* [PROVIDED DATA]
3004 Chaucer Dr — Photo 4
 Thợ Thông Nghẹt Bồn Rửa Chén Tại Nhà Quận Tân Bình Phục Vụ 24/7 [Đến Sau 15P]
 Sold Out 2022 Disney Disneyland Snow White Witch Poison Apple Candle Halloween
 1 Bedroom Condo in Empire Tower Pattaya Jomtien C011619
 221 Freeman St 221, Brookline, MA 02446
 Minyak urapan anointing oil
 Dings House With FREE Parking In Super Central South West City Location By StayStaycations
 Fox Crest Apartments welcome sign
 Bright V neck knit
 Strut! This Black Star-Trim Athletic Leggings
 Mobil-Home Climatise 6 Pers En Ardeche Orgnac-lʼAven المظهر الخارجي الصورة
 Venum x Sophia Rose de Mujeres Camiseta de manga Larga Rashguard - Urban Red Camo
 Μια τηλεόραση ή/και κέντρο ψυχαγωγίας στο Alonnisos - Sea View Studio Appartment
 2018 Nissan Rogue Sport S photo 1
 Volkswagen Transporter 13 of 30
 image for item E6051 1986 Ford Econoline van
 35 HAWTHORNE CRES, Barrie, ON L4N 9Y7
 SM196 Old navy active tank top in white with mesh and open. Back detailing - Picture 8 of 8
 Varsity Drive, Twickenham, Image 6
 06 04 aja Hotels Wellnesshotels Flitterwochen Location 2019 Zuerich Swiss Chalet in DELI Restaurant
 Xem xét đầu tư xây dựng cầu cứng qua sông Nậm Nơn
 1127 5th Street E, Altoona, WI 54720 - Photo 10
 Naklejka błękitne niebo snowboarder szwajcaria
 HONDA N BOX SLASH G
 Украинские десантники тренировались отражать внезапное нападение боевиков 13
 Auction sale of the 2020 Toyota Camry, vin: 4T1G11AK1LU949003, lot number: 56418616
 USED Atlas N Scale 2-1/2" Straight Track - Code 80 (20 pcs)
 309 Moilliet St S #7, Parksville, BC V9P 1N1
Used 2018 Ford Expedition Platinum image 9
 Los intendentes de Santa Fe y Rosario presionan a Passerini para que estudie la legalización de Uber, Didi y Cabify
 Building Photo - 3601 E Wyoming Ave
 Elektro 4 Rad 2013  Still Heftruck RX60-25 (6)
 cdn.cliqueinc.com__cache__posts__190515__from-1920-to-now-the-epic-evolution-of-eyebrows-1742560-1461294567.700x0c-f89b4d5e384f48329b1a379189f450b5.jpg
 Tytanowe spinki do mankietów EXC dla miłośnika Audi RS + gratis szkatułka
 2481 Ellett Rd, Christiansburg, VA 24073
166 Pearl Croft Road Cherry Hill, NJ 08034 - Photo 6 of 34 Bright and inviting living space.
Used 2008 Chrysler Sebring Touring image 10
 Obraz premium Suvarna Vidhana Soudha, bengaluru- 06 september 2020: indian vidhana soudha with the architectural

* [PROMPT] Among the lines of the data, which ones contain the word "Ford"? Show them.

* [TASK ANSWER]
 image for item E6051 1986 Ford Econoline van
Used 2018 Ford Expedition Platinum image 9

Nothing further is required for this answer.